It makes sense to use this committee to lift up behind the scenes people, but I'm only in my 50's and I saw every one of these players play. Ridiculous.
Sometimes the regular ballot voters get it wrong, and other times they get it right. I think this exercise is for those players for whom they got it wrong.

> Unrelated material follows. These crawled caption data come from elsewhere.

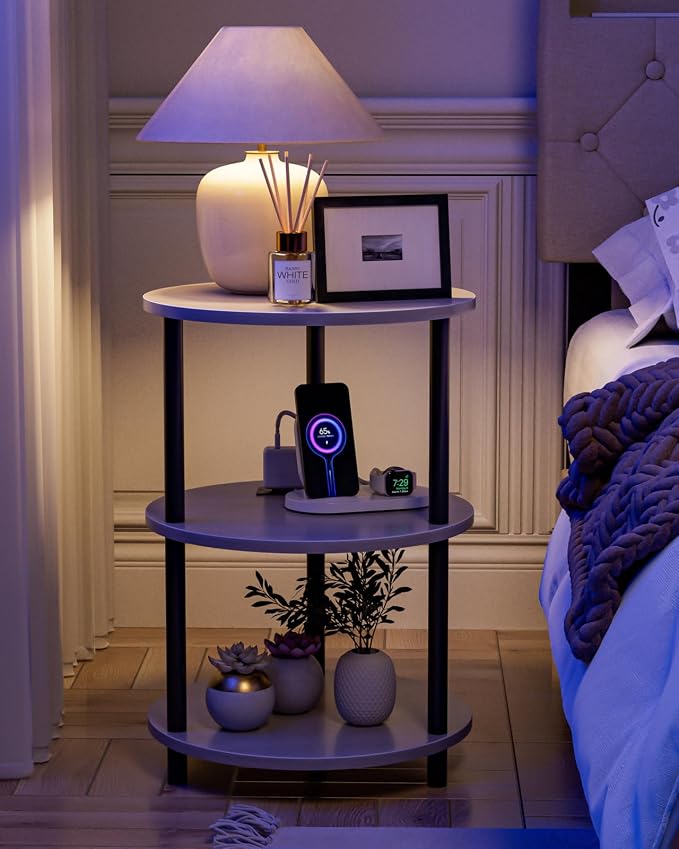 XBurmo Small Round End Table - 3 Tier Design Accent Table, Narrow Side or Bedside Stand, Industrial Vintage Table for Small Spaces, Built-in USB Ports and Power Outlet, Greige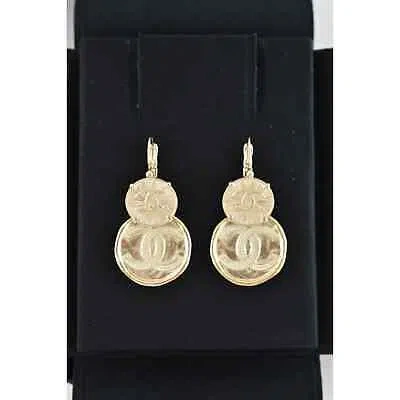 Pre-owned Chanel 22p Free Spirit Cc Gold Logo Circle Dangle Drop Statement Hoop Earrings
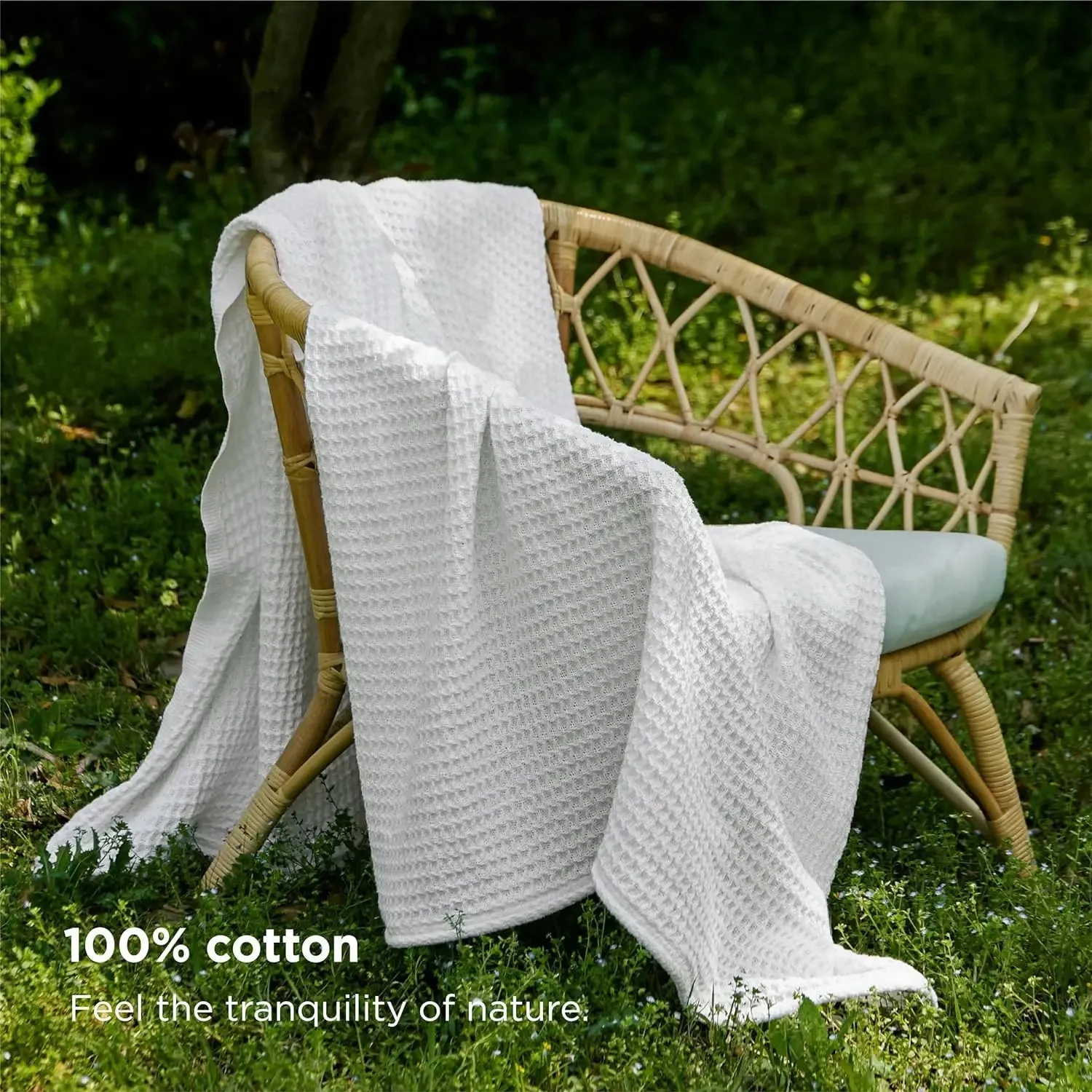 Bedsure 100% Cotton Waffle Weave Lightweight Blanket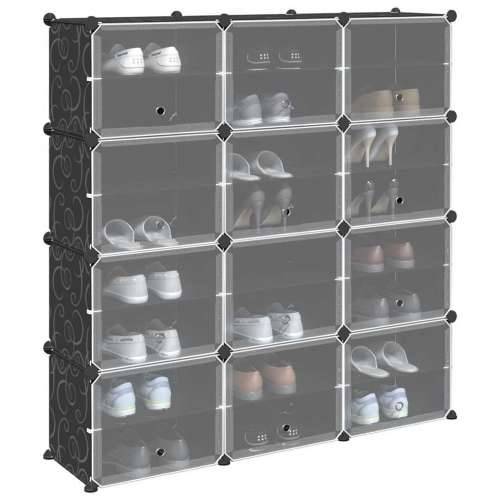 Organizator za kocke za pohranu s 12 kocki i vratima crni PP - 124.5 x 31.5 x 123.5 cm 1 Cijena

Ted Simmons is a good example of where the voters screwed up. He is 11th all time in BBReF WAR for catchers, and you've got to be awfully small hall to think he's not deserving. Every eligible catcher with a higher number is in, and there are folks with less who are in as well. Here's the top 12:

*Bench
*G. Carter
*I. Rodriguez
*Fisk
*Berra
*Piazza
*Dickey
Mauer (N/E)
*Hartnett
*Cochrane
Simmons
*Ewing

I don't see any reasonable argument against any of them. After that the HoF catchers get more scattered. By BBReF WAR:

*Lombardi (15th)
*Bresnahan (20th)
*Campanella (28th, Negro League credit)
*Ferrell (35th)
*Schalk (41nd)
*A. Lopez (97th, in as a manager)
*W. Robinson (124th, in as a manager)
*C. Mack (275th, in as a manager)

Lombardi and Bresnahan are borderline. Campanella is a special case because of his late start due to the color barrier. Ferrell and Schalk are bad choices, while the rest are in as managers.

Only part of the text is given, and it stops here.